Vipin Nair of Music Aloud gave 9 out of 10 stating Trivedi delivers "yet another massive, esoteric soundtrack, this time (mostly) within the confines of jazz music". Karthik Srinivasan of Milliblog wrote "Bombay Velvet eschews Bollywood-style for a more international jazz flavor and comes out as Amit Trivedi’s phenomenal labor of love". Joginder Tuteja of Bollywood Hungama rated the album 2.5 stars stating "The music of Bombay Velvet is pretty much on the expected lines, which means it doesn't really follow Bollywood norms and instead treads a path of its own. While this doesn't necessarily mean that there is a plethora of chartbusters in the offering, the songs seem good enough to fit into the storytelling of the film." Prateek Sur of Bollywood Life gave two stars, calling the music as a "mixed bag" and said that "the music seems more jazzy than giving you that nostalgic feel".

=== Post-release ===
Bombay Velvet's soundtrack did not fare well commercially. This was probably due to the unconventional nature of the compositions and to the fact that the film itself was a box office disappointment. Trivedi eventually felt "heartbroken" as the music did not get its deserved due credit, saying that "People, who understand jazz have taken the music really well. But the ones who did not understand, the music went above their heads. If the film had worked it would've changed the course of jazz scene in the country." He also criticized the producers for not promoting the film's music as they felt it "too jazzy". He still regarded it as one of his personal favourites. Trivedi was nominated for Best Original Music at the 10th Asian Film Awards, the only award he was nominated for the film.

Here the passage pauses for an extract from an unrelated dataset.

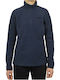 Daybreaker Winter Women's Fleece Blouse Hiking Long Sleeve with Zipper Navy Blue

However, the soundtrack featured in several year-ender lists by critics. Karthik Srinivasan's article for The Hindu listed "Mohabbat Buri Bimari" as one of the top five Hindi songs of 2015. He also called the album as "the top Hindi film soundtrack" in his music review round-up for Milliblog, commenting "The variety of tunes recreating the Bombay of yore, demonstrated aptly the kind of ambition Amit set for himself, and he got some phenomenal singers to deliver." Bradley Fernandes of Filmfare ranked "Mohabbat Buri Bimari" in the fifth position as the best Hindi film songs of that year. "Fifi" was listed among NDTV's "Top 10 Bollywood Songs of 2015".

Bombay Velvet's soundtrack was featured in decade-end lists, which includes Devesh Sharma's article for Filmfare, published on World Music Day (21 June 2021), Akshay Manwani's review for Firstpost, Sankhayan Ghosh's review for Film Companion, and Vipin Nair's list for The Hindu. Tatsam Mukherjee's article for Huffington Post about "The Top 20 Bollywood Albums Since 2000" listed the album at number 14. On Vipin Nair's list of "Top 100 Bollywood Albums" for Film Companion, Bombay Velvet was ranked at number 91. It was also regarded at one of Trivedi's best albums.